Mit der subjektiven Informationsmenge aus Optionen und Implikationen geht der Akteur in deren Bewertung über (ebd.: 121f.). Hier werden die Informationen den individuellen Präferenzen zugeordnet, die nach Beckers Grundannahme stabil und somit handlungsleitend sind (1982: 4). So weist der Täter zum Beispiel eine individuelle Risikopräferenz auf, anhand derer er die Verurteilungswahrscheinlichkeit als höher oder geringer bewertet (ebd.: 49 - 51). Becker fügt hierbei an, dass die Wahrscheinlichkeit der Verurteilung einen höheren Abschreckungswert für den Täter hat, als die Härte der Sanktion (ebd.: 50).

Anhand der Verurteilungswahrscheinlichkeit auf Basis der Informationen, deren Bewertung durch die individuelle Risikopräferenz, sowie dem zu erwartenden Nutzen, wählt der Akteur schließlich jene Alternative, die ihm den maximalen Nutzen verspricht.

Hier befindet sich das Individuum schließlich in jener Phase, in der das Entscheidungsproblem gelöst wird. Alle Variablen wurden gesammelt und gegeneinander abgewägt, so dass sich schließlich eine Option herauskristallisiert. Dies ist nach dem rationalen Prinzip, die Variante mit dem maximalen Nutzen, unabhängig davon ob sie legal oder illegal ist.

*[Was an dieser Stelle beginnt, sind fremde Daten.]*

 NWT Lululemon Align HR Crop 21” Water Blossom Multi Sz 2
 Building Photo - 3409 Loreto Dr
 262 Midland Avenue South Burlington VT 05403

„ [Eine] Person [begeht] eine Straftat [...], wenn der für sie erwartete Nutzen gr öß er ist als der Nutzen, den sie realisieren könnte, wenn die ihre Zeit und sonstigen Ressourcen für andere Aktivitäten einsetzen würde. “ (Becker 1982: 47f.)

In der weiteren Explikation bedeutet dies, dass, wenn eine illegale Möglichkeit für ein Individuum prinzipiell keine akzeptable Methode darstellt, dann nur weil die Risikopräferenz gegen Null geht und die Präferenz für konformes Verhalten dementsprechend stärker ausgeprägt ist.

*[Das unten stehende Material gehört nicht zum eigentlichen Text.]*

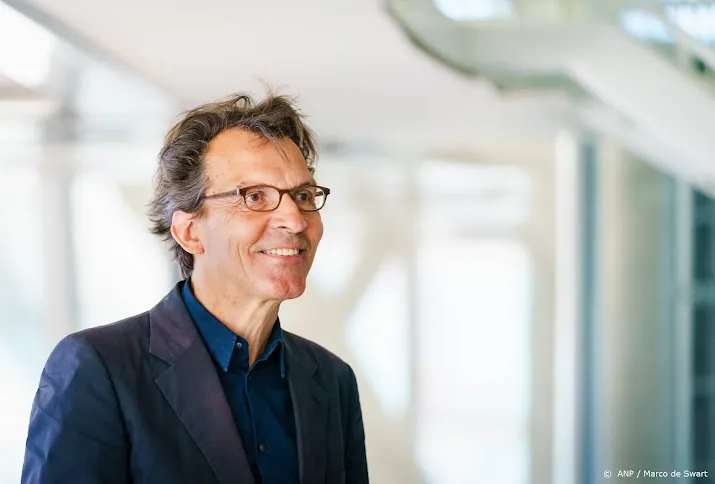 sjarel ex stopt als directeur van boijmans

Becker weist zusätzlich darauf hin, dass der stark untergliederte und aufeinander aufbauende Entscheidungsweg, wie er hier dargestellt wurde, nicht bedeutet, „ da ß die Entscheidungsträger sich notwendigerweise ihrer Maximierungsbemühungen bewu ß t sind, oder da ß sie in informativer Weise Gründe für die systematischen Muster in ihrem Verhalten verbalisieren oder sonst wie beschreiben können “ (Becker 1982: 6).

Vor dem Hintergrund, dass diese Prozesse vom Akteur nicht notwendigerweise reflektiert werden, wird im Folgenden Beckers Ansatz auf den Forschungsgegenstand zugespitzt.

4.1.2 Illegale Musikvervielfältigung als rationale Wahlhandlung

Die in Kapitel 3 herausgestellten Methoden der strafbaren Musikvervielfältigung sollen nun anhand der rationalen Entscheidungslogik nachvollzogen werden. Dabei wird sich ausschließlich auf den Tatbestand des illegalen Herunterladens von Musik aus dem Internet bezogen, ausgehend von der Differenzierung in Kapitel 3.4.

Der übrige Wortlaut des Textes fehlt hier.